THE PROBLEM>
Each line from the one with "Keloids Before After 05" through the last line of the material is to be printed exactly; no other line and no picture belongs in the copy.

---

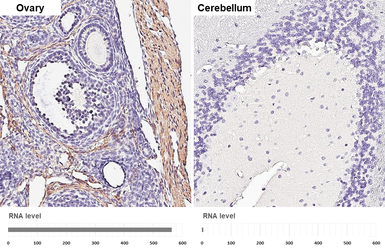 Anti-alpha Smooth Muscle Actin antibody [HL3085] used in IHC (Paraffin sections) (IHC-P). GTX640531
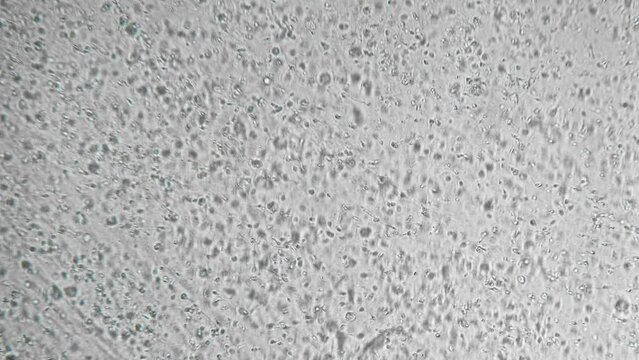 Slow motion active spermatozoa under the microscope. Sperm bank. reproductive function of man. The survival of all mankind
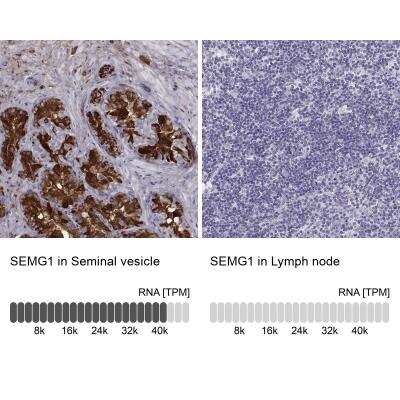 Immunohistochemistry-Paraffin: Semenogelin I Antibody [NBP1-85425]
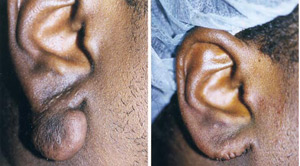 Keloids Before After 05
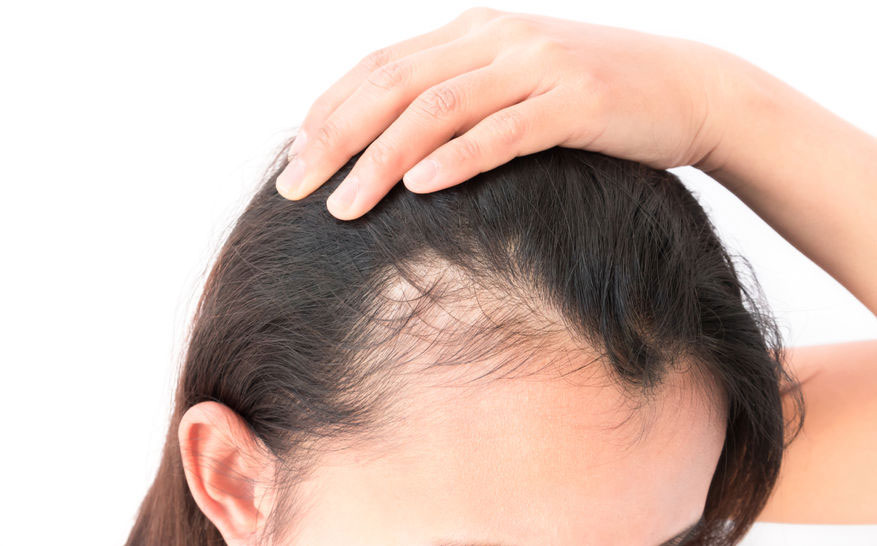 hair loss courses in Birmingham
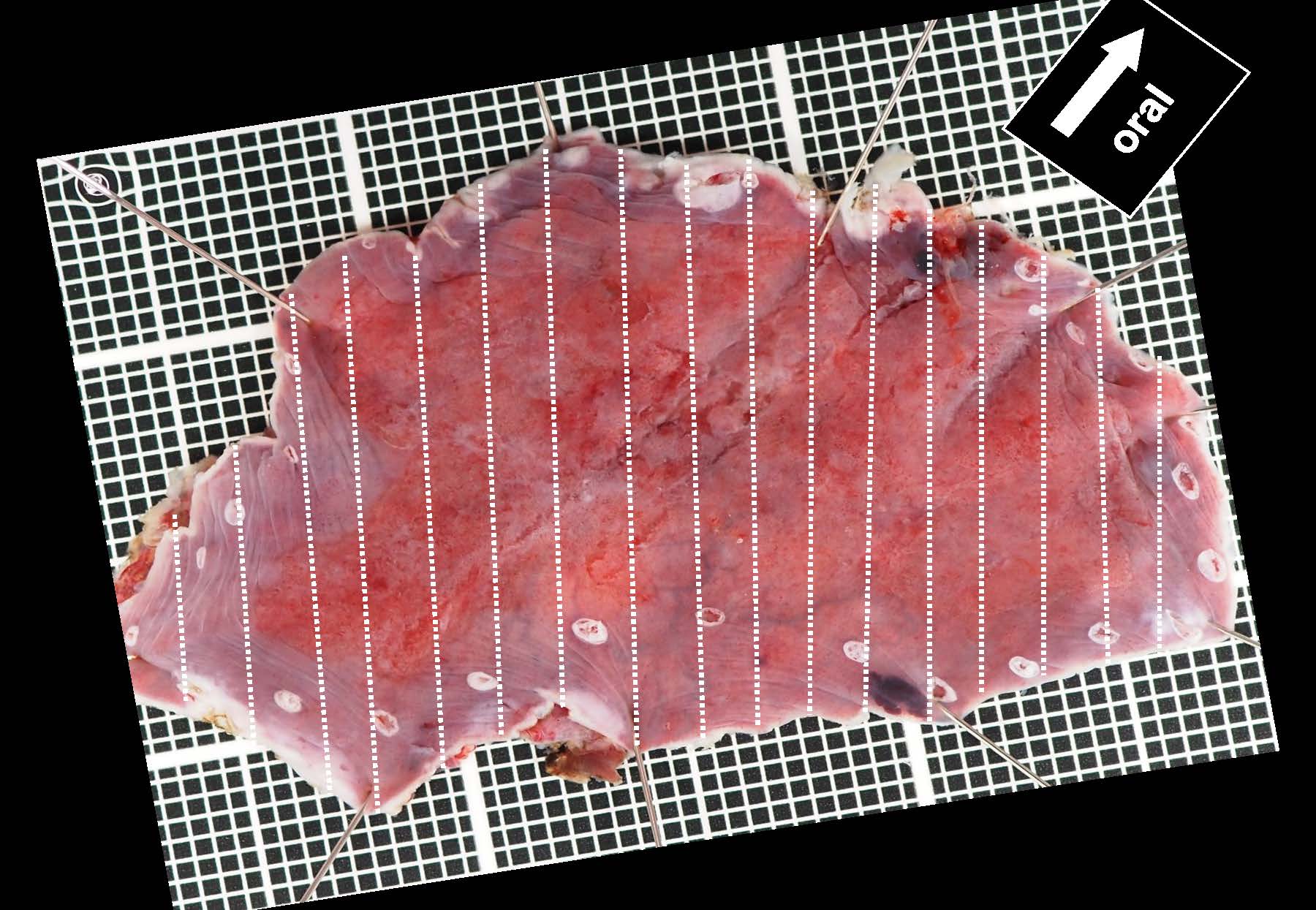 食道025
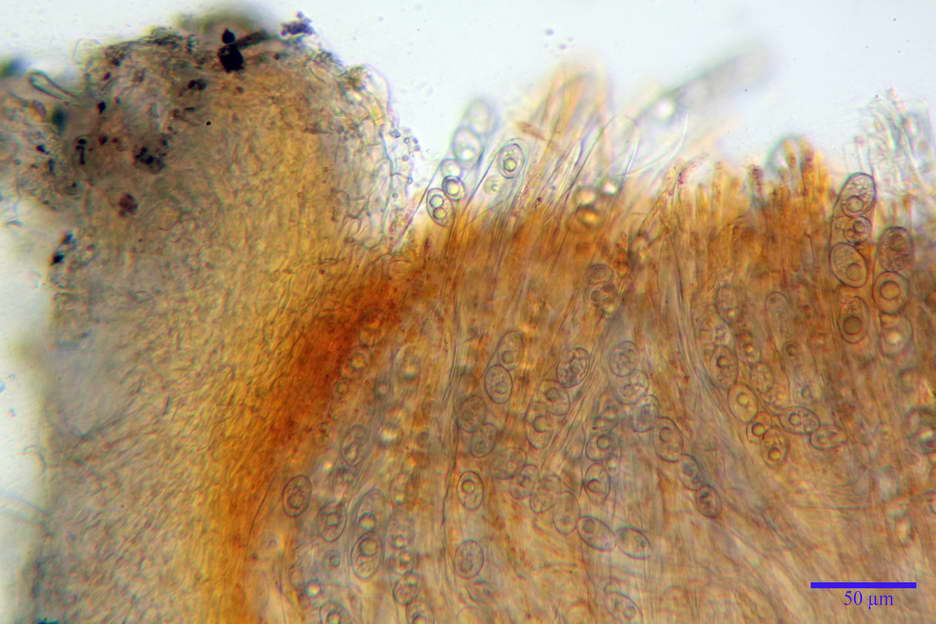 octospora roxheimii 4825 07.jpg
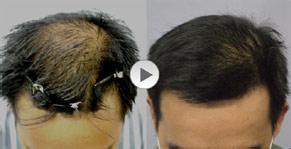 ���ݱ���Ƥ��ר��ҽԺ�ڹ淶�����в����ƽ�ҽԺ��������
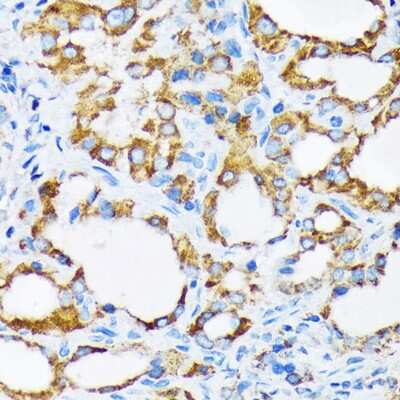 Immunohistochemistry-Paraffin: PIST Antibody (2B1P9) [NBP3-15280]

---

ANSWER TO THE EXERCISE>
 Keloids Before After 05
 hair loss courses in Birmingham
 食道025
 octospora roxheimii 4825 07.jpg
 ���ݱ���Ƥ��ר��ҽԺ�ڹ淶�����в����ƽ�ҽԺ��������
 Immunohistochemistry-Paraffin: PIST Antibody (2B1P9) [NBP3-15280]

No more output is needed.